Saturday 16 March 2013

Piedra Solitaire




A day that has detoured and contorted, where the map has lied and the wind has been hot and head-on, then has insulted by not providing a room. The distance is mounting, the sun dropping towards an oceanic horizon; time to accept that we’ll have to camp in a tent rather than in a room. Only the possibilities for a stealth site are minute. The desert stretches forward into a blue vanishing point, out to an ocular infinity, these wayward undulations of soft dunes swaying west into the sea. A sandscape devoid of vegetation, a rockscape devoid of any apparel. Still the kilometres accumulate and it’s looking like we will have to wait for dusk and the hundred metre dash off the road, the dark time pitch and a pre-dawn departure, when serendipity steps in. Our guardian angel, who comes in many guises, offers up a series of small volcanic vents, a string of denticulated intrusions that sweep back from the road, a perfect shroud for a camp. Our own private hermitage. The wind packed grit has swept in flowing waves that curl around each protrusion, an interlocking successions of Fujiyamas. Minimised volcanoes with angles of repose. Outlines that please and calm the eye, a solemnity for the mind. It feels sacreligous to even walk, to footprint in this pristine space; and yet I have to desecrate, to dismantle the jigsaw of a shattered plutonic, plundering for guy rope weights to tether our bunkered tent. This humbling knowledge that no human has ever moved, nor ever touched one of these stones. A dispeopled space so devoid of human hospitality, yet offering so much imaginative stimulus.

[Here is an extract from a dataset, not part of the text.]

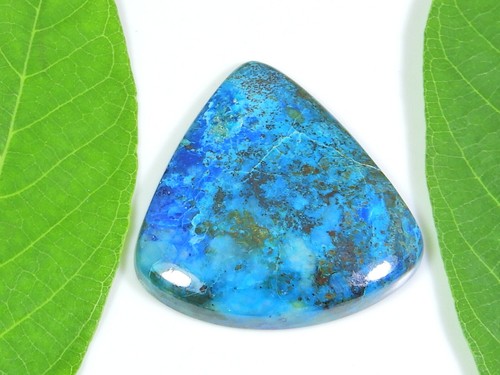 49Cts. AA++ Cristal Azurita Natural Pera Cabujón Piedra Preciosa Suelta 31X34X05 MM l06 - Imagen 3 de 9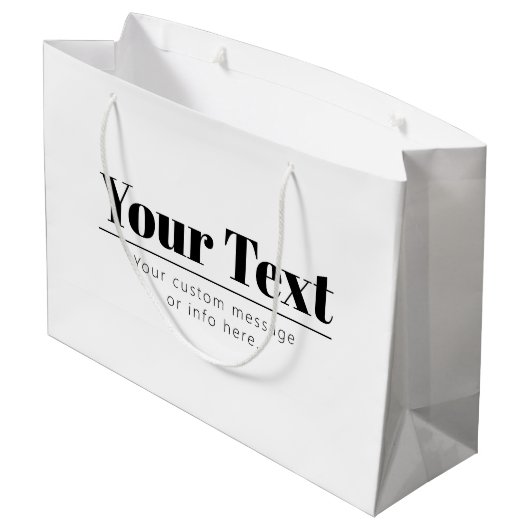 Stijlvolle Retro-moderne tekst | Zwart & Wit Groot Cadeauzakje (Achterkant Gekanteld)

These soothing sweeps have just one distort, a solitaire, one small insignificant granite stone, set in a monoculture of ground grit. A recluse that has forsaken, a 'deserere' that has left the mother lode, a true deserter. Round, pitted, worn down not by faith or water but by an aeon of flagellation. I
pick it up; it’s leaden heavy, rough pocked and perfectly balled. Special. Cherishable. I want to own it. Another keepsake. Yet, too many of these windstones have been collected. They now lie, dysfunctional, in the air-conditioned reception courts and on the clipped irrigated lawns of the multi-starred hotels of the coast, in much the same way that the Inca era, immaculately cut, polished granites can be found in ordinary back gardens all around the Sacred Lake.

It belongs only here. I put it back in the place of no water, the northern Atacama.